Today we spent the day at the beach. It was perfect weather– sunny and warm, but with a refreshing breeze off the lake. We spent all afternoon jumping in the waves, building in the sand, and walking along the shore. Both of my kids had ear to ear grins when we played both classic games (“Mother May I?”) and new favorites (“Zombie Alligators”) in the waist-high water. As I sat in my beach chair underneath a wide, floral umbrella, I sighed with summer contentment.
Our beach-side crew included the following players: me, David, G, S, two grandparents, plus a number of older cousins who came and went throughout the afternoon. Plenty of company for everyone.
The family that settled down next to us had a little girl in a pink polka-dot swim suit. The girl was small, but lively and full of non-stop energy. And every time she flitted past (chasing a butterfly, crashing through the waves, dragging a stick in the sand), G’s eyes followed her with a longing gaze.
After about an hour of this, I decided to take action.
Me: G, did you see a girl on the beach?
G: Yes, she’s right there.
Me: Would you like to talk to her?
G (gazing longingly): Yes.
Me: Should we go ask her a question?
G (still gazing, not moving): Yes.
Me: What do you think we should ask her?
G (cautious, but warming up to the idea): We could ask, “What’s your name?”

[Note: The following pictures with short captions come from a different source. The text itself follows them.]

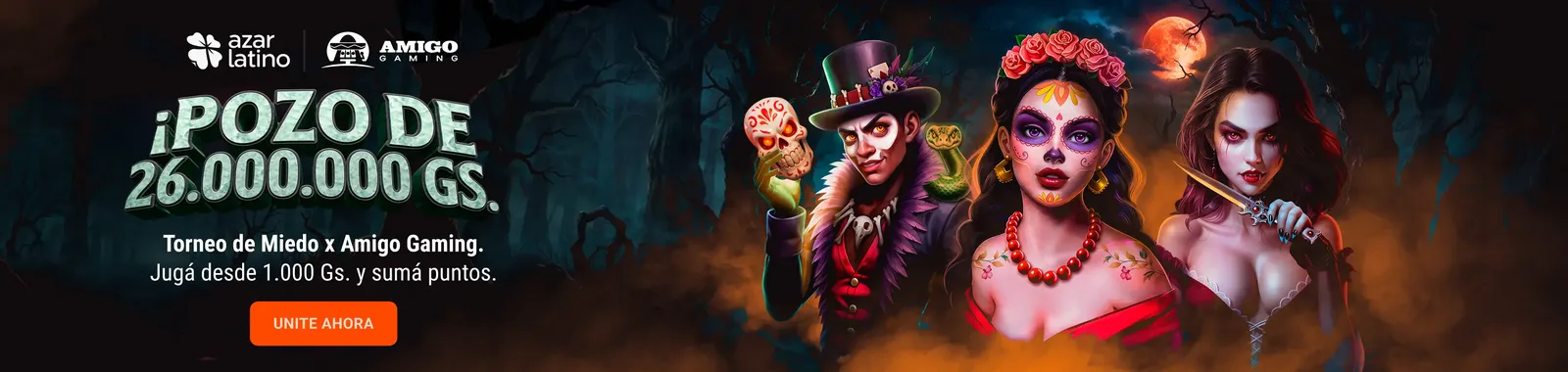 Banner del Torneo de Miedo de Amigo Gaming con pozo de 26.000.000 Gs.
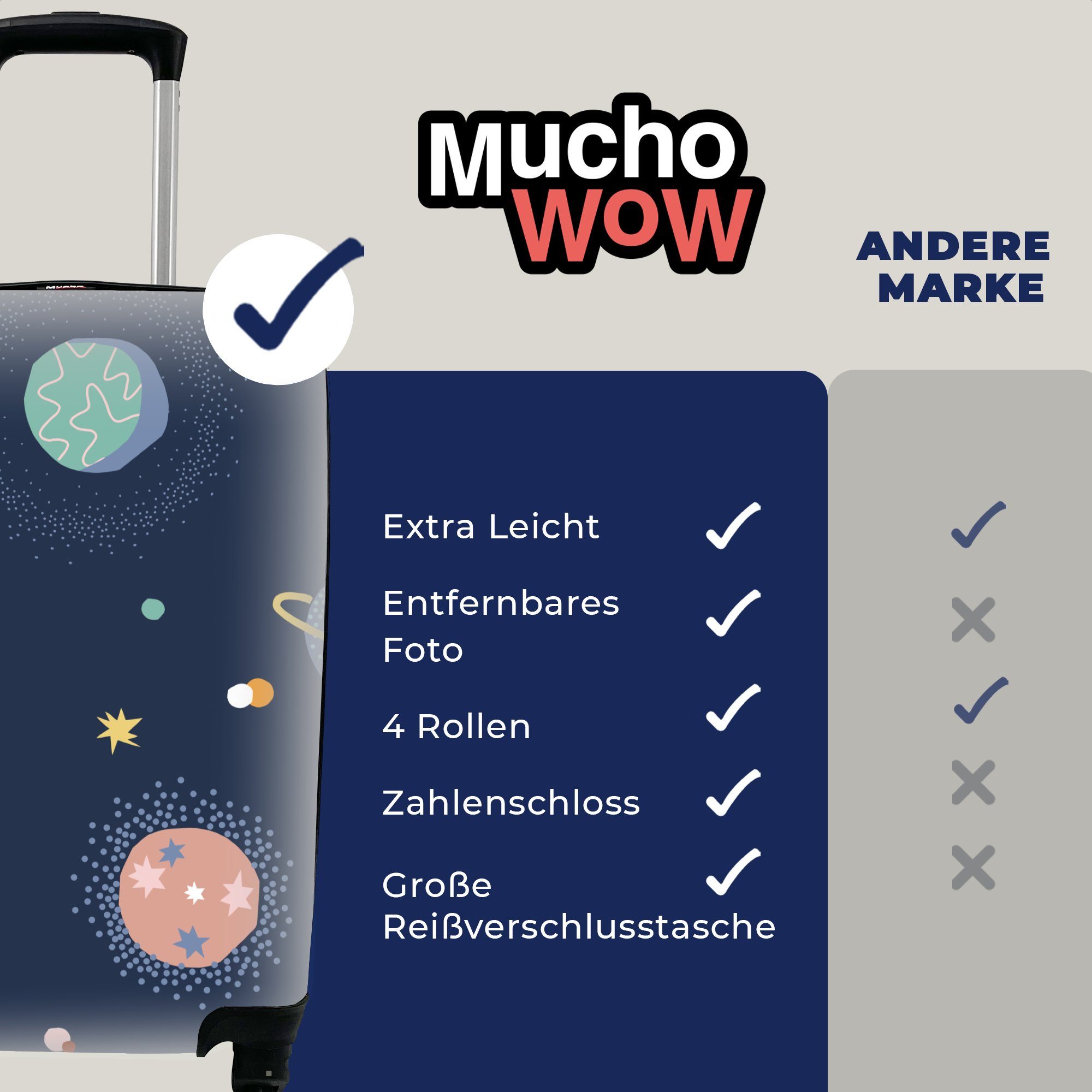 MuchoWow Handgepäckkoffer rollen, Weltraum 4 mit Rollen, Reisekoffer - Kinder Reisetasche Trolley, Sterne, - für Handgepäck Ferien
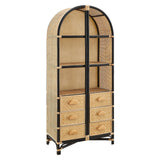 Jane 71 Inch Tall Arched Natural Rattan Bookshelf - Ornate Home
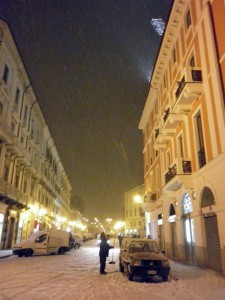 La neve in Piazza Prefettura a Campobasso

Me: That’s a great idea! What else could we ask her?
G: We could say, “How old are you?” and “Do you like swimming?”
Me: That sounds like a great conversation! I love your questions! Are you ready to try?
Over the course of this exchange, G has moved from cautious to excited. He had the desire to interact with little polka dot swimsuit girl, but no plan. Now he realizes that he has all the tools he needs. He is jumping and flapping his hands with anticipation. We walk over to where his soon-to-be-friend is digging a hole in the sand. We plunk ourselves down across from her.

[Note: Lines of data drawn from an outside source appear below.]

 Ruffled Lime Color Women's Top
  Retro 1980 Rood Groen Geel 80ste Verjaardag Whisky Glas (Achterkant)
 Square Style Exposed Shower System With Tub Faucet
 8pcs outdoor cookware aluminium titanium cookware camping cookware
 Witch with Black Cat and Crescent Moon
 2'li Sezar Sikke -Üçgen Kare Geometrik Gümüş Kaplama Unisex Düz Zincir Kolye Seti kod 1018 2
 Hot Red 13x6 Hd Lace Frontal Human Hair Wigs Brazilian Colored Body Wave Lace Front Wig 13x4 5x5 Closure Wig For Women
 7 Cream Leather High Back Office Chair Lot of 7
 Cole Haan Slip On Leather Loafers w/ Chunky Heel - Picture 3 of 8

Me: Hello! Is it okay if we join you?
Swim Suit Girl: Okay.
G (he’s looking at the sand, and not at her, and the words come out in one big stream, but he has a smile on his face that’s one of pure, cool confidence): What’s your name?
G (smiling and flapping): Oh, your name is Alice. How old are you?
SSG: I’m six.
G (even more smiles. This is going better than expected): Oh, you’re six. That’s like me. I’m six years old too. Do you like to swim?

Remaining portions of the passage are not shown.